Neural Network Makes it Easier to Identify Different Points in History
One area that is not covered as much in terms of artificial intelligence (AI) potential is how it can be used in history, anthropology, archaeology, and other similar fields. This is being demonstrated by new research that shows how machine learning can act as a tool for archaeologists to differentiate between two major periods: the Middle Stone Age (MSA) and the Later Stone Age (LSA).
This differentiation may seem like something that academia and archaeologists already have established, but that is far from the case. In many instances, it is not easy to distinguish between the two.
MSA and LSA
Around 300 thousand years ago, the first MSA toolkits appeared during the same time as the earliest fossils of Homo Sapiens. Those same tool kits were used all the way up until about 30 thousand years ago. A major shift in behavior took place around 67 thousand years ago when there were changes in stone tool production, and the resulting toolkits were LSA.
LSA toolkits were still being used in the recent past, and it is now becoming clear that the shift from MSA to LSA was anything but a linear process. The changes took place throughout different times and in different places, which is why researchers are so focused on this process that can help explain cultural innovation and creativity.
The foundation of this understanding is the differentiation between MSA and LSA.
Dr.
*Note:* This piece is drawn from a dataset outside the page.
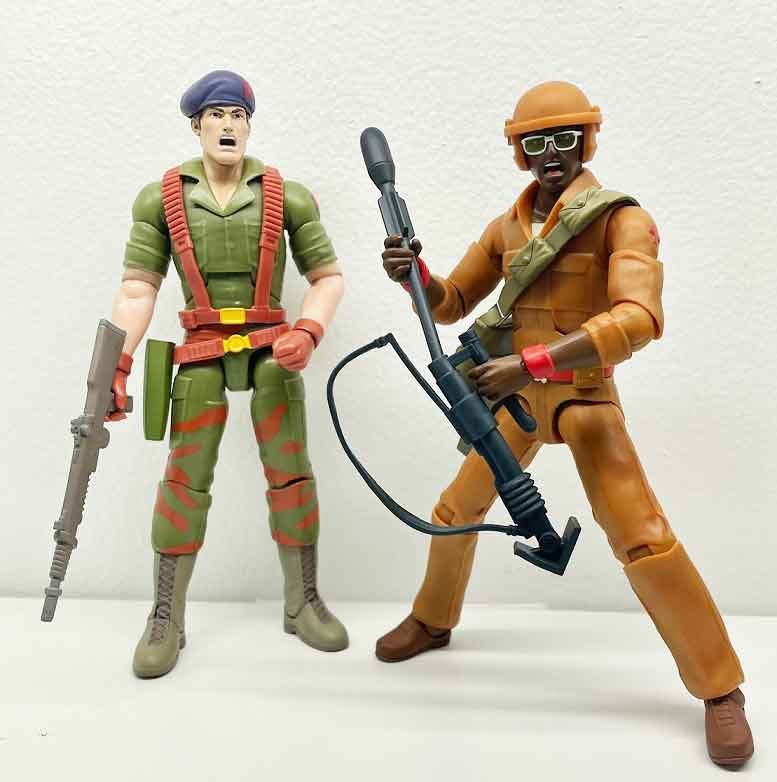 GI-Joe-Ultimates-Wave-3-Doc-in-hand-4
Jimbob Blinkhorn is an archaeologist from the Pan African Evolution Research Group, Max Planck Institute for the Science of Human History and the Centre for Quaternary Research, Department of Geography, Royal Holloway.
“Eastern Africa is a key region to examine this major cultural change, not only because it hosts some of the youngest MSA sites and some of the oldest LSA sites, but also because a large number of well excavated and dated sites make it ideal for research using quantitative methods,” Dr. Blinkhorn says. “This enabled us to pull together a substantial database of changing patterns to stone tool production and use, spanning 130 to 12 thousand years ago, to examine the MSA-LSA transition.”
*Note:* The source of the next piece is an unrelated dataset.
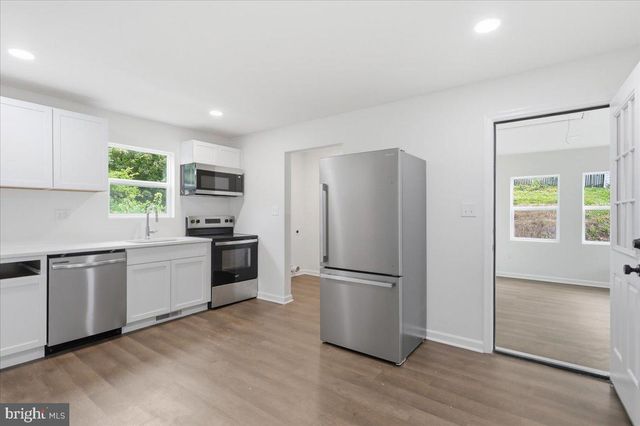 2810 N FREDERICK PIKE, Winchester, VA 22603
Artificial Neural Networks (ANNs)
The study is based on 16 alternate tool types across 92 stone tool assemblages, with a focus on their presence or absence. The study emphasizes the constellations of tool forms that often occur together rather than each individual tool.
Dr. Matt Grove is an archaeologist at the University of Liverpool.
“We’ve employed an Artificial Neural Network (ANN) approach to train and test models that differentiate LSA assemblages from MSA assemblages, as well as examining chronological difference between older (130-71 thousand years ago) and younger (71-28 thousand years ago) MSA assemblages with a 94% success rate,” Dr. Glove says.
Artificial Neural Networks (ANNs) mimic certain information processing features of the human brain, and the processing power is heavily reliant on the action of many simple units acting together.
“ANNs have sometimes been described as a ‘black box’ approach, as even when they are highly successful, it may not always be clear exactly why,” Grove says. “We employed a simulation approach that breaks open this black box to understand which inputs have a significant impact on the results. This enabled us to identify how patterns of stone tool assemblage composition vary between the MSA and LSA, and we hope this demonstrates how such methods can be used more widely in archaeological research in the future.”
“The results of our study show that MSA and LSA assemblages can be differentiated based on the constellation of artifact types found within an assemblage alone,” Blinkhorn says. “The combined occurrence of backed pieces, blade and bipolar technologies together with the combined absence of core tools, Levallois flake technology, point technology and scrapers robustly identifies LSA assemblages, with the opposite pattern identifying MSA assemblages. Significantly, this provides quantified support to qualitative differences noted by earlier researchers that key typological changes do occur with this cultural transition.”
The team will now use the newly developed method to look further into cultural change in the African Stone Age.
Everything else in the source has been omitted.